Write the listing out again word for word, leaving each picture behind.

#### Extracted data
+ + +

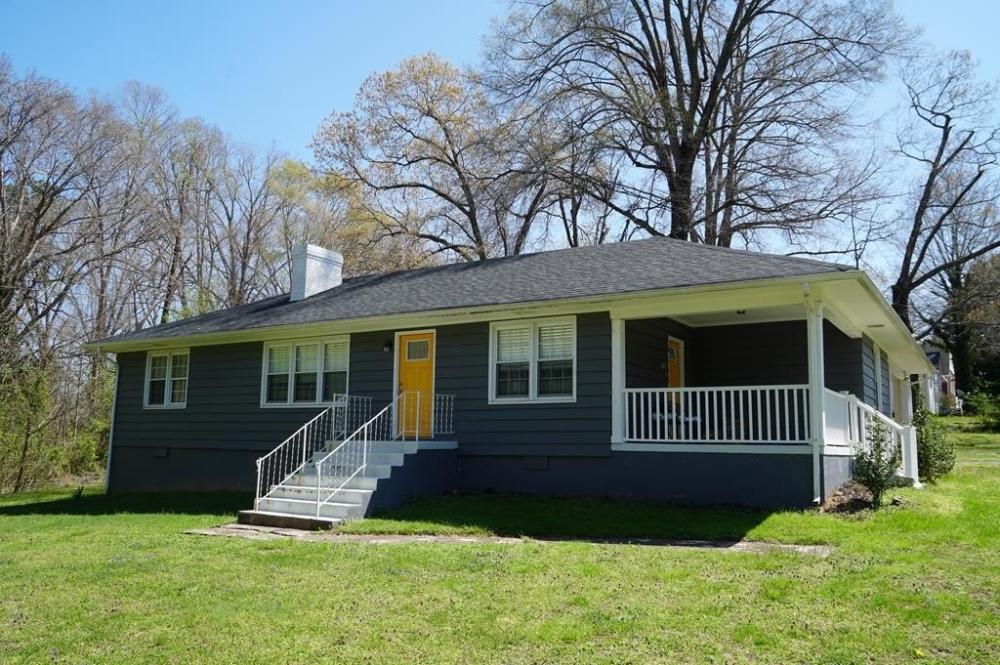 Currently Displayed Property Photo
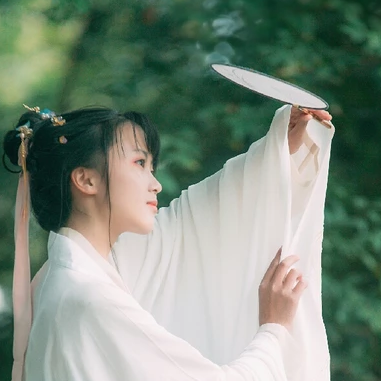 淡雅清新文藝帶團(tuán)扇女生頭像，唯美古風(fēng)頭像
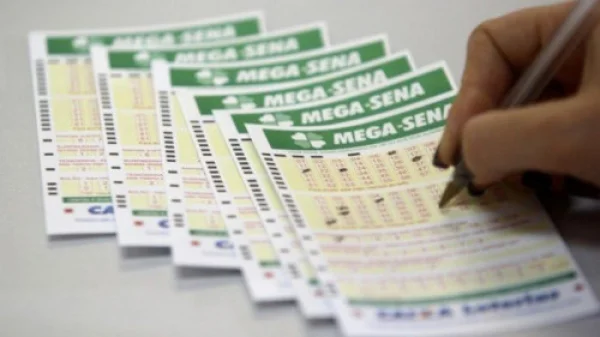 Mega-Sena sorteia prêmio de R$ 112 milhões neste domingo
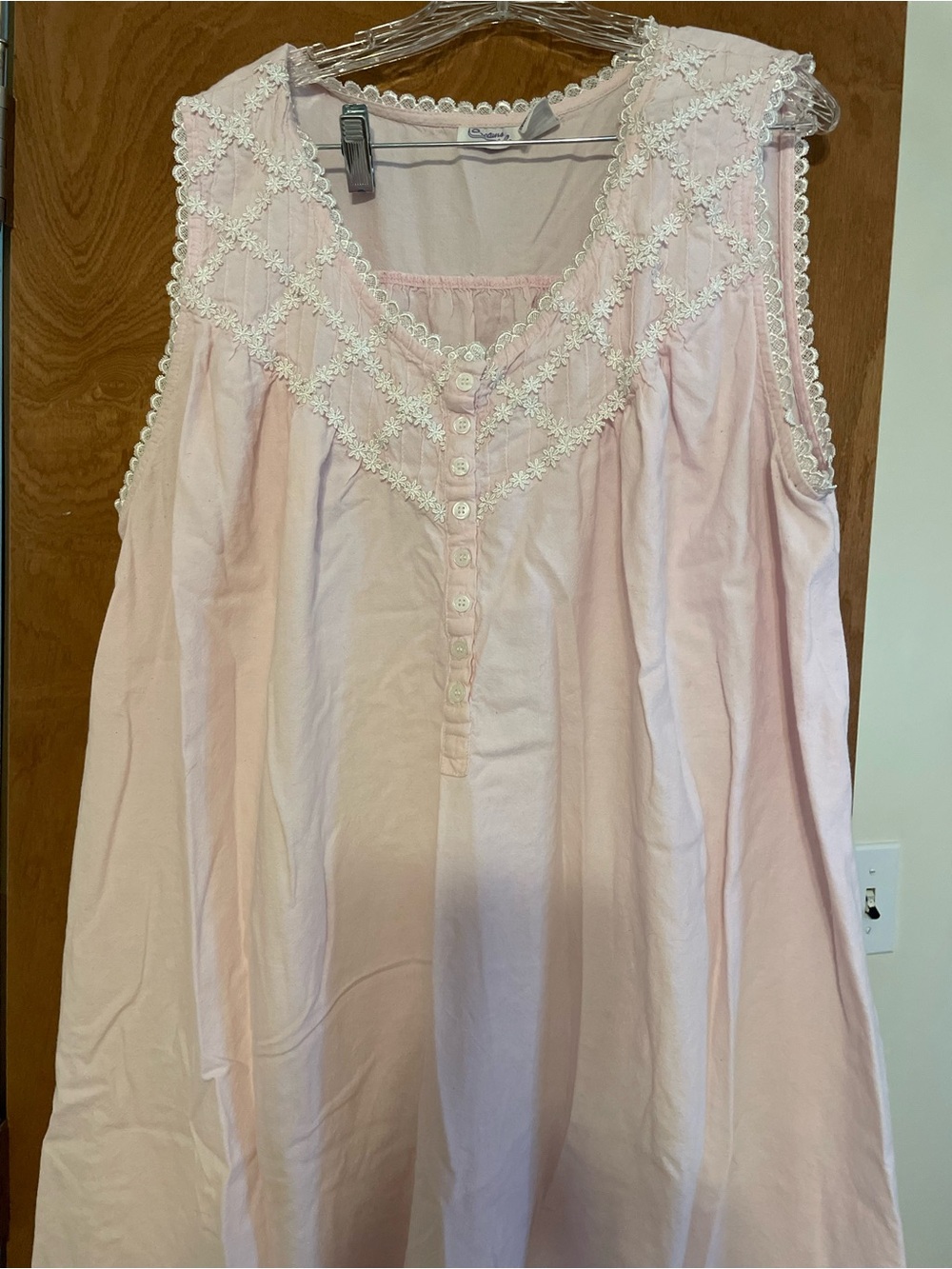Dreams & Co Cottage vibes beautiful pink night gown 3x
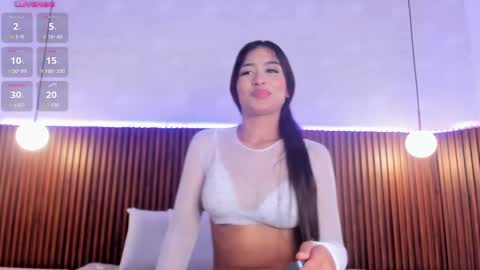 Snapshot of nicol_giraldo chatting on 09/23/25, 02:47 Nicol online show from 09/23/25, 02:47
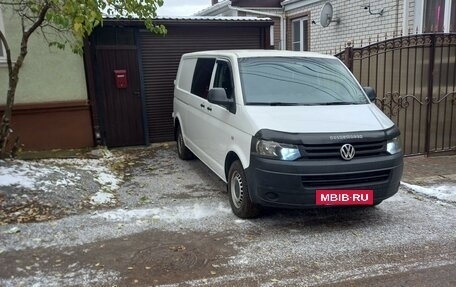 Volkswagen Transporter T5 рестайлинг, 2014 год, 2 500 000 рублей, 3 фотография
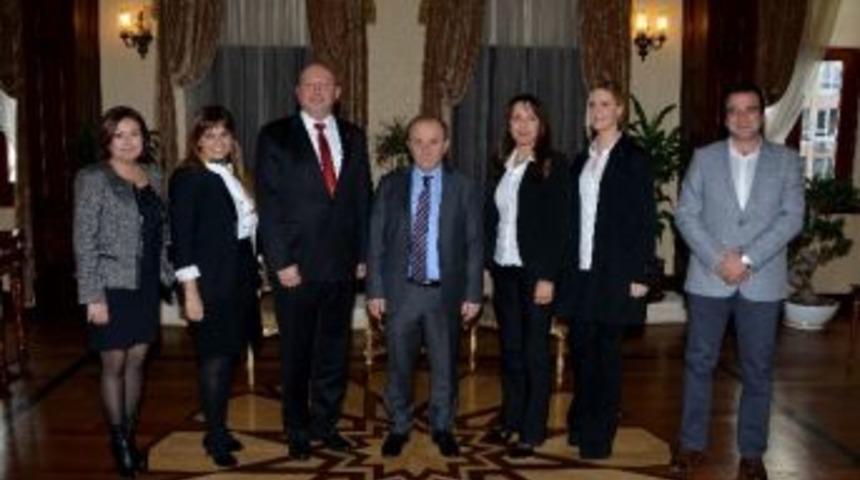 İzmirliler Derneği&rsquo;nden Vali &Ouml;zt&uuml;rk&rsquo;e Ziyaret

+ + +

#### Your solution
 Currently Displayed Property Photo
 淡雅清新文藝帶團(tuán)扇女生頭像，唯美古風(fēng)頭像
 Mega-Sena sorteia prêmio de R$ 112 milhões neste domingo
Dreams & Co Cottage vibes beautiful pink night gown 3x
 Snapshot of nicol_giraldo chatting on 09/23/25, 02:47 Nicol online show from 09/23/25, 02:47
 Volkswagen Transporter T5 рестайлинг, 2014 год, 2 500 000 рублей, 3 фотография
 İzmirliler Derneği&rsquo;nden Vali &Ouml;zt&uuml;rk&rsquo;e Ziyaret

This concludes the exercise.